(Extracted material begins)

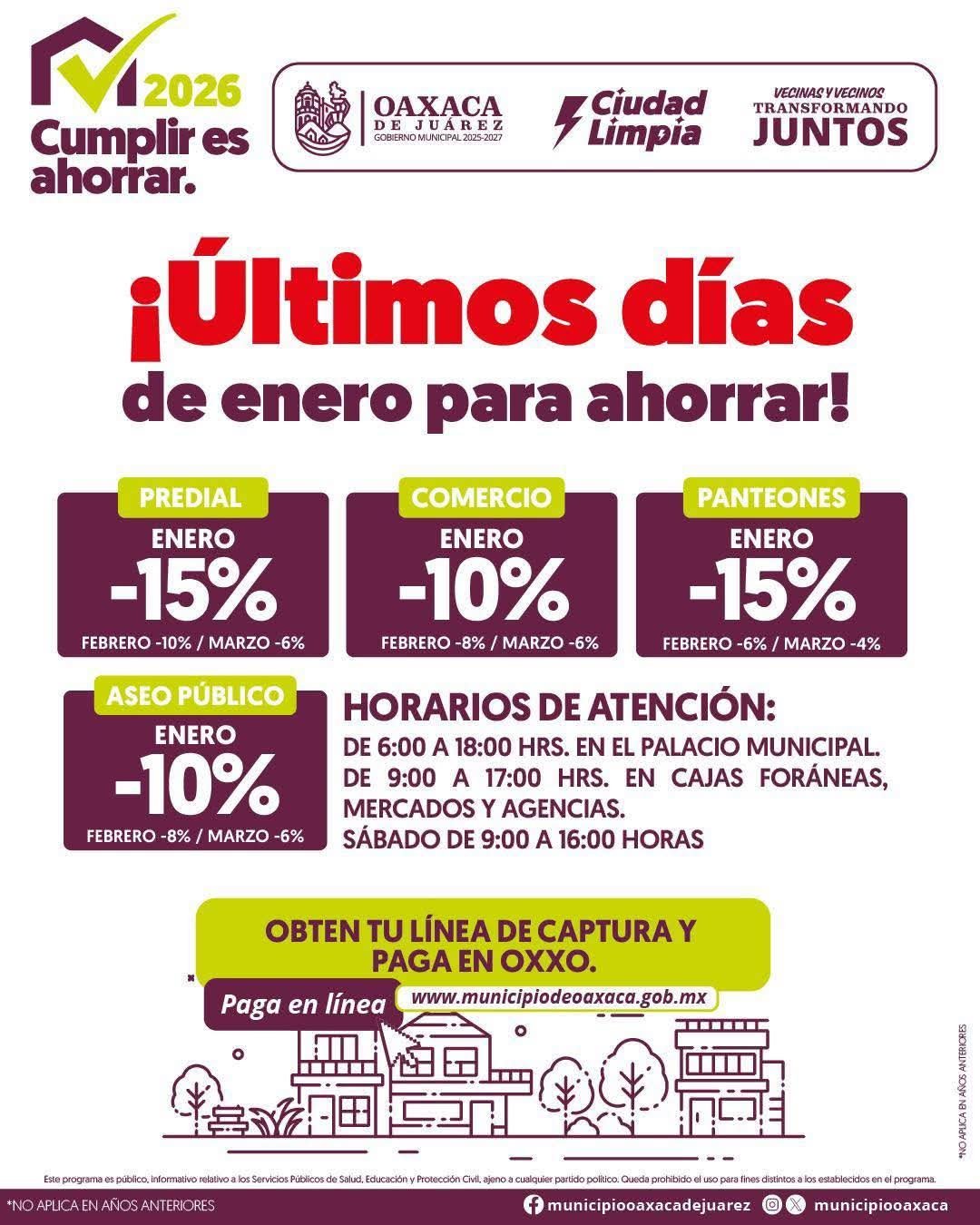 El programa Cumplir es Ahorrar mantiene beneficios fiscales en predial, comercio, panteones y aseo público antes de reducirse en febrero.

(Extracted material ends)
(Extracted material begins)

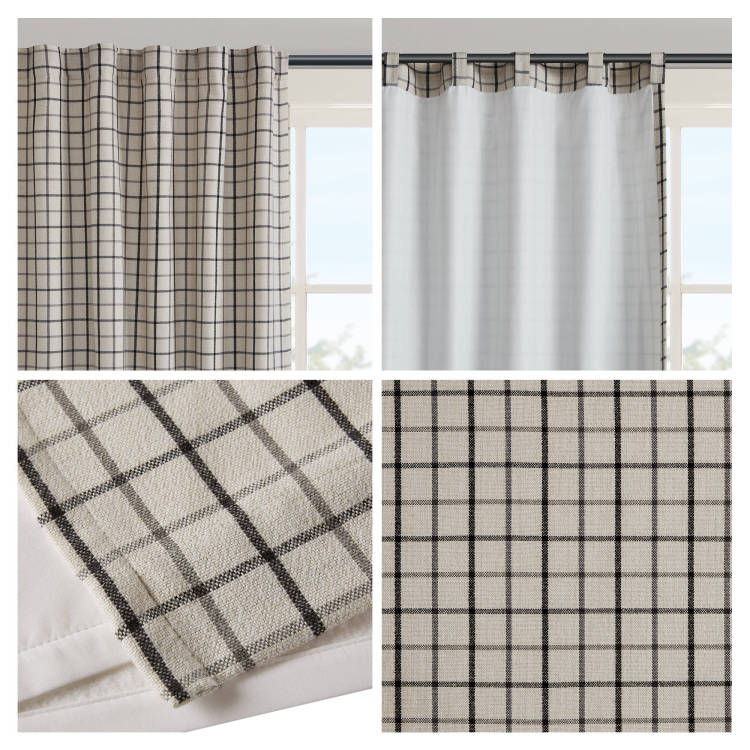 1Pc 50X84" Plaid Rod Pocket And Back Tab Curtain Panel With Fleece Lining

(Extracted material ends)
(Extracted material begins)

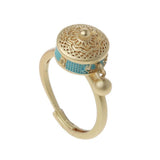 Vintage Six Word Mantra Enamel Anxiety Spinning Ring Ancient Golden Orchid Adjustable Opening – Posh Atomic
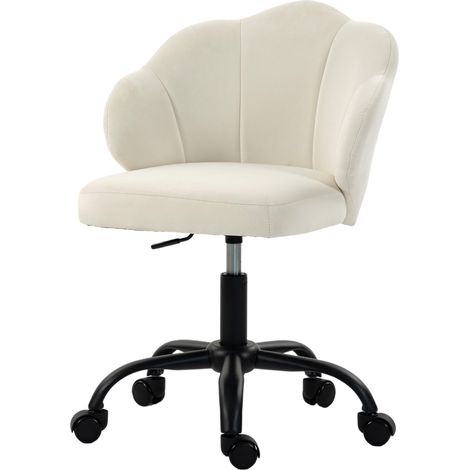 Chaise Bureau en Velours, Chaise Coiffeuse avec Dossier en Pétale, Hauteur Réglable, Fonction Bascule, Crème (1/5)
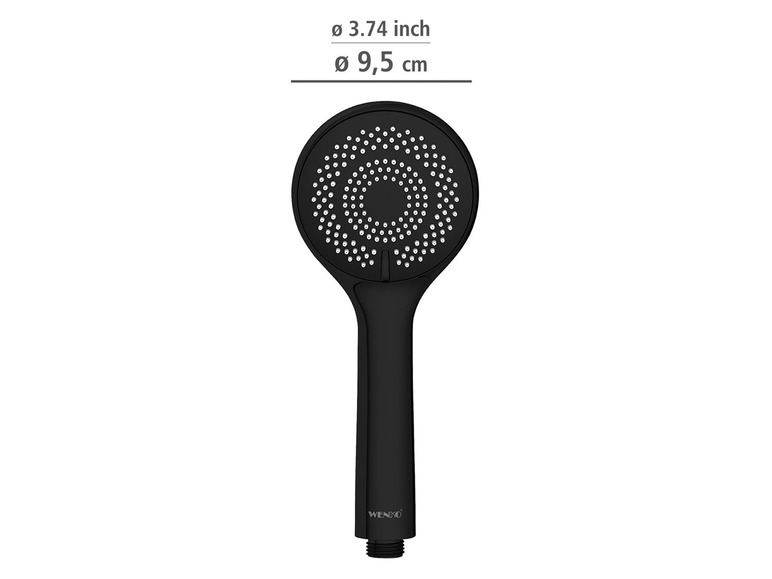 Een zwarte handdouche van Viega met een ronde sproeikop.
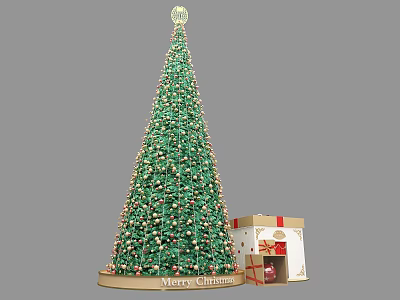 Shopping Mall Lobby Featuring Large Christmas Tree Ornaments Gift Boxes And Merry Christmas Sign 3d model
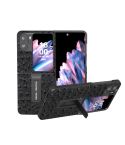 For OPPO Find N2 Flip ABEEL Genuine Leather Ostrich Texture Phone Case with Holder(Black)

(Extracted material ends)

--- Required work ---
Give again the stretch of the entries above that begins at the line with "Shopping Mall Lobby" and ends at the line with "For OPPO Find", word for word, with no pictures.

--- Response area ---
 Shopping Mall Lobby Featuring Large Christmas Tree Ornaments Gift Boxes And Merry Christmas Sign 3d model
 For OPPO Find N2 Flip ABEEL Genuine Leather Ostrich Texture Phone Case with Holder(Black)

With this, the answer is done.